Economists say one key to reducing foreclosures is an improvement in America's labor market. U.S. unemployment stands at 10.2 percent, the highest level in more than 25 years. Joblessness has continued to rise even though the U.S. economy expanded at a better-than-expected 3.5 percent annual rate in the third quarter of the year.
Monday, a private research group predicted U.S. employment gains beginning in the first half of 2010, fueled by economic growth of 3.2 percent for the entire year.
Lynn Reaser heads the National Association for Business Economics, which issued the projections.
"We are looking for [predicting] a pretty good, solid [economic] upturn," said Lynn Reaser. "We believe by the second quarter [of 2010] we will see positive job growth. And while we have been losing jobs on the order of about 200,000 per month recently, by the end of next year we will be adding jobs on that order of about 200,000 per month."
But others see the recovery as fragile and tentative. David Weiss is chief economist at Standard and Poor's.

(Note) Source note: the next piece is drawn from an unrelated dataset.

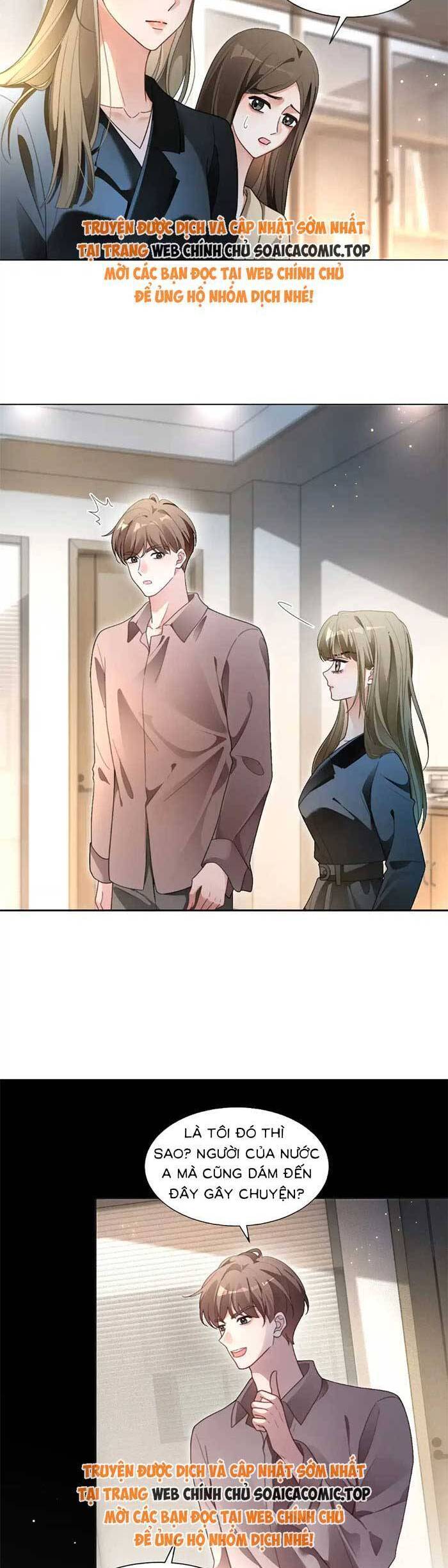 Được Các Anh Trai Chiều Chuộng Tôi Trở Nên Ngang Tàng Chap 295 - Next Chap 296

"If we get a major [oil] shock from the Middle East, for example, we could easily move back into recession next year," said David Weiss. "Six months ago, people were convinced that we were heading off a bottomless cliff [plunging into economic catastrophe]. Now we are at the bottom and starting to come back up. But it takes a lot longer to climb out of a hole than it takes to fall into one."
The consensus view among economists is that the U.S. recovery will be slower and weaker than those of developing nations, and that America's long term economic outlook is clouded by massive debt that continues to grow.